Financial Literacy: Starting at an...

Financial Literacy: Starting at an Early Age

by Rochelle C. Pangilinan
Jobs People Do | JobsPeopleDo.com

Canada has hit an economic surge the past few years, and among those who are benefiting from this are ages 28 to 34. According to a study by the Federal Finance Department, those who belong in this age bracket, particularly those who were born in the first half of the 1980s, are actually the wealthiest such generation in the country’s history. This shows that today’s young Canadian generation is growing their finances at a much faster pace than those in previous generations.

Furthermore, Canada placed in the Top 3 in the Program for International Student Assessment (PISA), a triennial worldwide survey run by the Organization for Economic Co-operation and Development (OECD) that measures financial literacy among 15-year-olds. Participants included those in British Columbia, Manitoba, Ontario, New Brunswick, Nova Scotia, Prince Edward Island and Newfoundland and Labrador. The survey revealed that 46 per cent of Canadian 15-year-olds were able to perform tasks associated with advanced levels of financial literacy (Level 4 or Level 5).
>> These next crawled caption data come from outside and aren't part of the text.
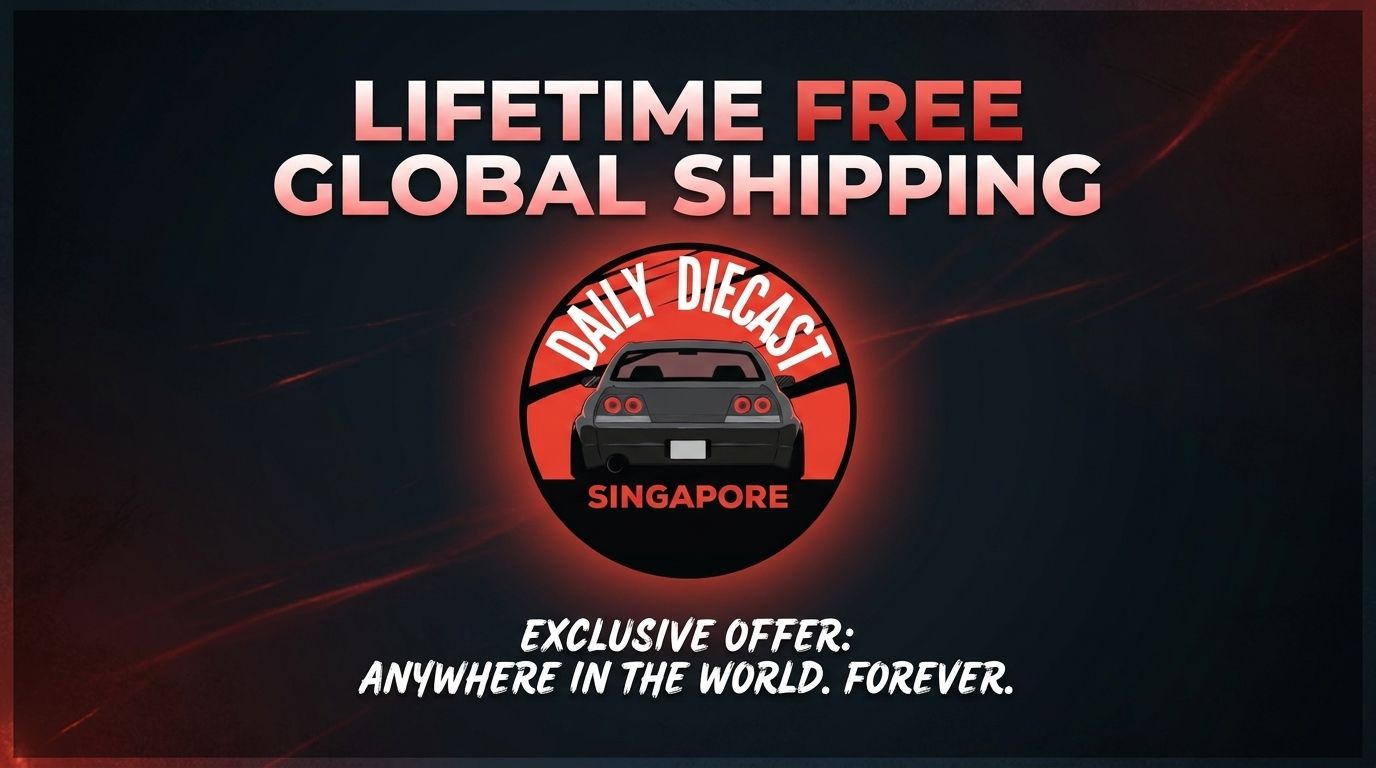 LIFETIME SHIPPING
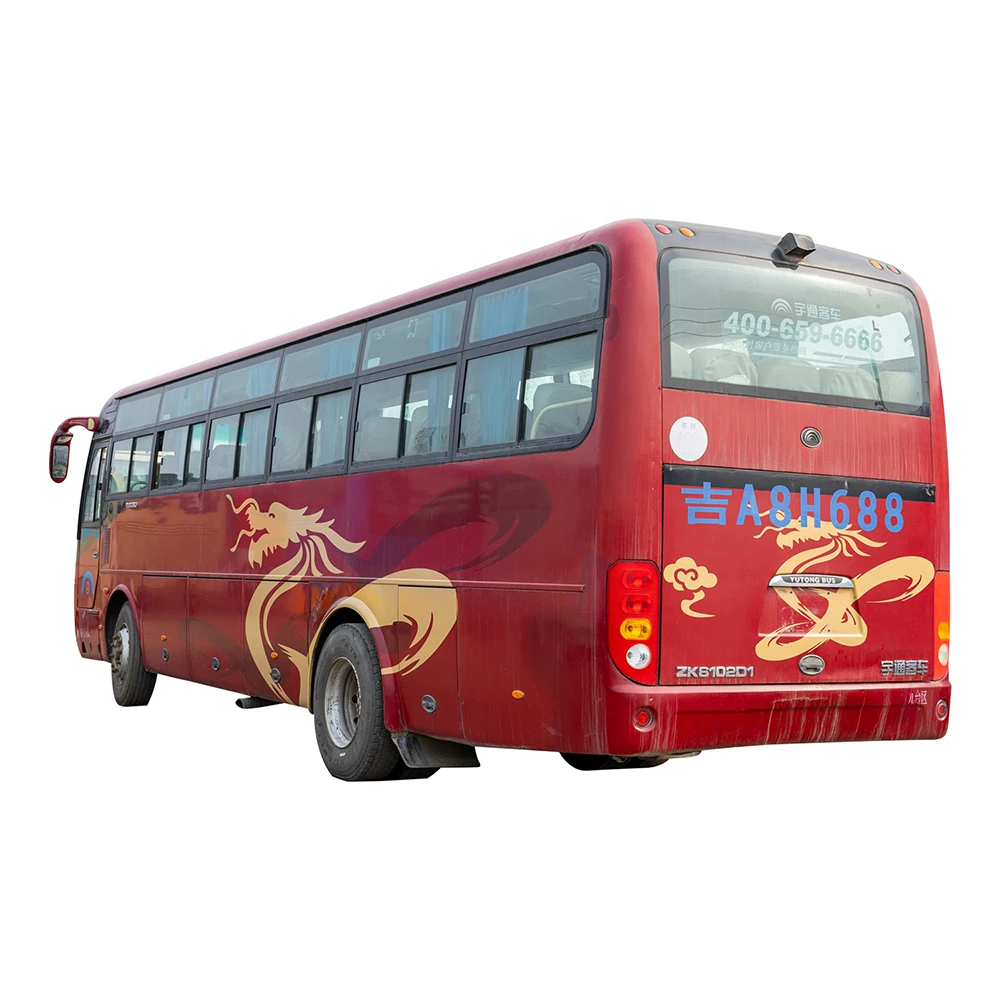 Used bus for sale cheap ZK6842 8M small buses for sale old school bus for sale cheap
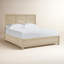 Dockside Panel Bed King-2046439968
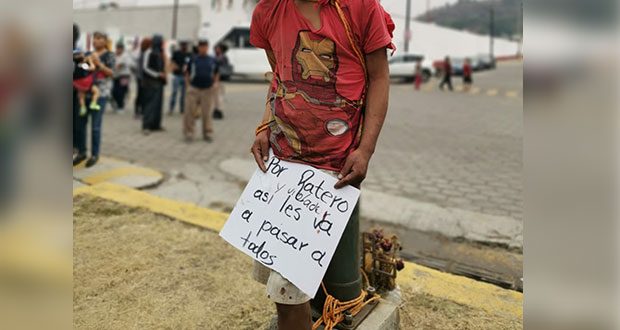 En 9 meses, Puebla y otros tres estados lideran en linchamientos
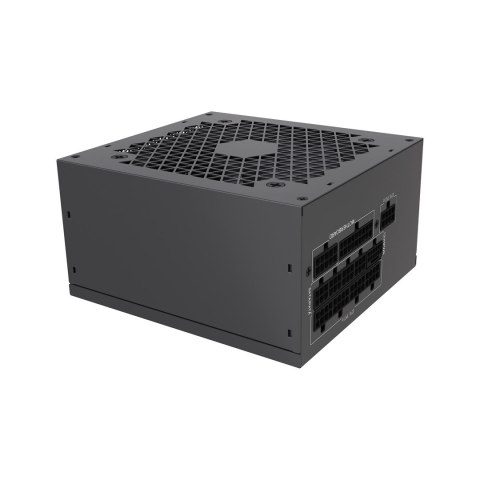 GEMBIRD ZASILACZ KOMPUTEROWY FORNAX POWER 1000W 80+ GOLD ATX, 1000W, AKTYWNE PFC, 12CM WENTYLATOR
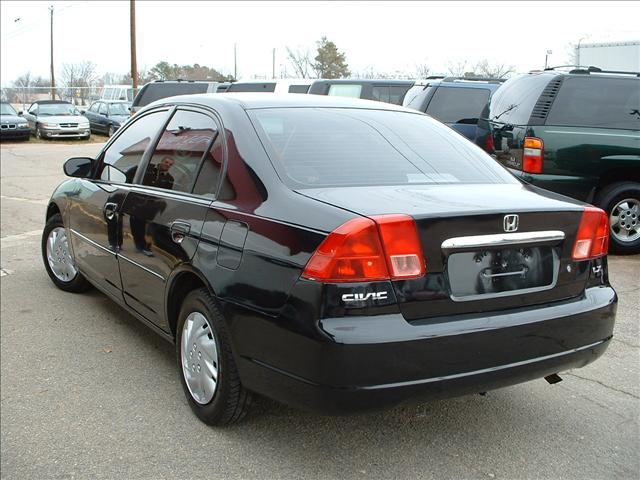 Honda Civic 2002 photo 2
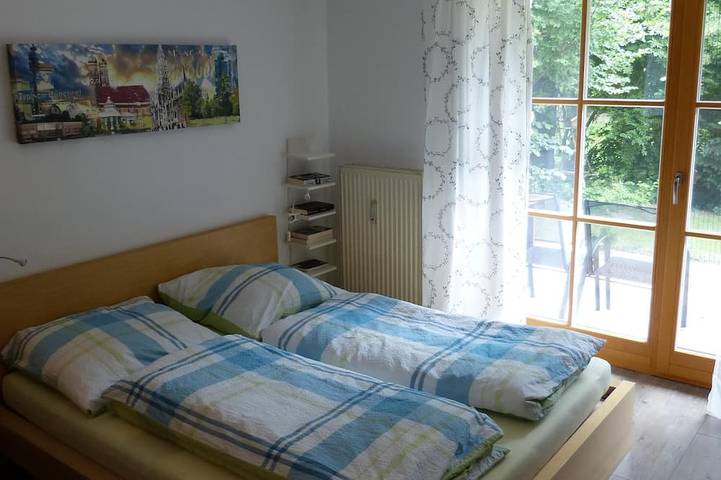 Ferienwohnung für 2 Personen, mit Garten in Dießen am Ammersee - 3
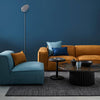Large Warwick Macrosuede Beanbag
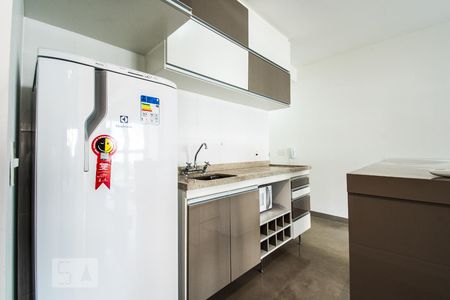 Studio para alugar com 42m², 1 quarto e 1 vagaStudio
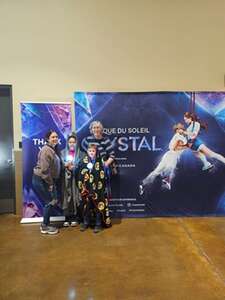 Cirque du Soleil: Crystal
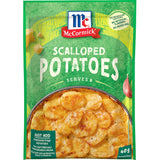Mccormick Produce Partners Recipe Base Scalloped Potato Sachet 40g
So what exactly is financial literacy?

For most people, being financially literate is avoiding debt, but that is only a part of the equation. To be financially literate is to be aware, knowledgeable, and skilled to come to sensible financial decisions that ultimately lead to one’s financial wellbeing.

Looking at the benefits

Some people dismiss the importance of teaching finances to kids because they don’t come across money in the way that adults do. However, the moment kids are provided with school allowance—even with something as small as $5 a week—is the moment financial literacy becomes a necessity. Exposing them early on will help them grow into financially wise adults. With the knowledge they will gain at an early age, they will be able to manage their finances well and be well-aware enough to avoid the pitfalls of too much debt once they start paying for their own utility bills, credit card bills, food, transportation, rent, mortgage, insurance, and other expenses.

Room for improvement

While Canadian youth is not lagging behind those in other countries when it comes to financial savviness, there is still much room for improvement, and numerous organizations around the country recognize this. Hamilton-based Teresa Cascioli, revered philanthropist and Lakeport Brewery business legend, shared in a recent interview with the Hamilton Spectator that financial literacy among the youth should be a priority just as much as reading and doing math.

This perspective drove Cascioli to launch a publishing company that released a series of children’s books that focuses mainly on financial literacy. Elementary school-age kids read these books and learn about loans, budget, and savings, which will prove to be valuable as they grow older.

Various educational institutions throughout Canada has also embraced the fact that the youth can truly use some help in gaining an insight into finances at an early age. In Ontario, for example, financial literacy subject has been integrated into the existing Grade 4 curriculum.

Meanwhile, in Saskatchewan, the Ministry of Education has approved 10 school divisions to teach a personal finance class for Grade 12 students. Here they can learn about saving and investing, budgeting, income tax, insurance, and even the stark differences between leasing and buying vehicles.

Start saving early

It’s not only the educational institutions who are willing to lend a helping hand to improve Canadian youth’s financial literacy. A number of Canadian credit unions have worked together to launch Humanomics Youth Savings Account, which provides incentives for pre-teens who start saving early. Others are determined to help out with financial literacy efforts like Coast Capital who has launched Junior Achievement’s Dollars with Sense.

While there are more efforts these days to create a financial literacy mindset among today’s youth compared to before, there are still a lot to be done.